Miss Jarvis nodded, neither embarrassed nor shocked by the nature of the conversation. “You say she was frightened?”
“Oh, yes. They both were. It’s not unusual. Many of the women who come to us are fleeing dreadful situations—virtual slavery, you know. The brutes who keep them have either forced them to sign papers the poor simpletons believe are binding, or have contrived to reduce them to a state of hopeless indebtedness, even renting them the very clothes on their backs so that by fleeing they open themselves up to charges of theft.”
“Did she give you any idea what kind of situation she’d fled?” Sebastian asked.
“We generally don’t inquire too closely into such details. But from one or two things Hannah—yes, that was the other girl’s name. Hannah, not Helen. At any rate, from one or two things she let slip, Margaret Crowley received the impression the women had been at a residential brothel.” He paused, his thin chest rising on a sigh. “Margaret Crowley was the matron at the Magdalene House, you know.”
Miss Jarvis leaned forward to pat his hand, where it lay on the chair’s arm. “Yes. I’m so sorry.”
“Any idea where the brothel may have been located?” Sebastian asked.
Walden cleared his throat. “The one girl—Hannah—was very talkative. I believe she mentioned Portman Square.”

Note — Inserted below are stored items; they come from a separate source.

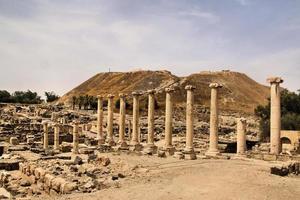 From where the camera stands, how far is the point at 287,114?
178 ft

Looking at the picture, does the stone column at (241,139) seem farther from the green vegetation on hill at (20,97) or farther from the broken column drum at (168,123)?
the green vegetation on hill at (20,97)

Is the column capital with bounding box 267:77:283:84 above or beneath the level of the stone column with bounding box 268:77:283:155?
above

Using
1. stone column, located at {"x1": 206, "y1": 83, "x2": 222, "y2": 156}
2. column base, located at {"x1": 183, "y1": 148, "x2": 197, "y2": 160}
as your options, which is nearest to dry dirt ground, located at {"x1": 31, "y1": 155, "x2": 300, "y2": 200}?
stone column, located at {"x1": 206, "y1": 83, "x2": 222, "y2": 156}

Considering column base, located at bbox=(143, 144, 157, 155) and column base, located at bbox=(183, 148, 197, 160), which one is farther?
column base, located at bbox=(143, 144, 157, 155)

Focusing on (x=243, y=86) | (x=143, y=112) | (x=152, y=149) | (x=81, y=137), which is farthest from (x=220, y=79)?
(x=152, y=149)

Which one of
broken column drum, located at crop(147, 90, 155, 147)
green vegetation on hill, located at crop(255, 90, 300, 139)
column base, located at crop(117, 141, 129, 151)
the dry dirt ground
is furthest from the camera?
green vegetation on hill, located at crop(255, 90, 300, 139)

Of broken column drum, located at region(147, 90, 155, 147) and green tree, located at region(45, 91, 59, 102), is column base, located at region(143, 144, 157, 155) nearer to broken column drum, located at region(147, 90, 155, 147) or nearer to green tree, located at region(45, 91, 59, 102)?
broken column drum, located at region(147, 90, 155, 147)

Sebastian nodded. Closed, stay-in brothels were rare in London. More common were lodging-house brothels, where the girls were—nominally, at least—independent. Picking up their customers from the pleasure gardens or the theater or even the streets of the city, they then brought them back to the lodging house where they kept a room. Other girls took their men to “accommodation houses” where they didn’t actually live; they simply hired one of its rooms for the requisite number of hours—or minutes. Others made use of the numerous chop houses, cigar rooms, and coffeehouses that also had bedrooms available for use—their exclusively male clientele making them good hunting grounds, as well.
“I’m afraid there’s really not much else I can tell you about Rose Jones,” Walden was saying. “Many of the girls chafe at the restrictions we impose upon them, but Rose never did. She never left the house.”
“Because she was still afraid?”
“Yes, I think so.”
“Did she ever say anything about her life before she . . .” Miss Jarvis hesitated.
Walden shook his head. “No. Although it was obvious she was gently born. We don’t often see women quite like her. For some reason, many of the women who come to us claim to be clergymen’s daughters, although I suspect few actually are. But I’ve no doubt Rose was very wellborn. Very wellborn indeed.” He looked from Miss Jarvis to Sebastian. “This has something to do with the fire, doesn’t it? Dost thou think it’s possible the fire was not an accident?”
“I think so, yes.”
Joshua Walden nodded, his lips pressed together tightly.
It was when he was escorting them to the door that he said suddenly, “There is one more thing that might help. We had a young girl in the house who called herself Rachel. I don’t think she could have been more than thirteen—a lovely fair-haired child. One evening—just by chance—I overheard Rose say to the child, ‘I was once called Rachel.’ It stuck in my head because Rachel laughed merrily and said, ‘I was once called Rose.’ ”
He smiled gently at the memory, the smile rapidly fading. “But it may mean nothing. Some girls change their names frequently.”
“Perhaps,” said Sebastian, pausing in the Quaker’s simple entrance hall. “But it could also be Rose’s real name. Thank you.”
“That was fortuitous,” said Miss Jarvis as Sebastian handed her up into her waiting carriage. “I hadn’t expected to learn so much.”
“You think we learned a great deal, do you?”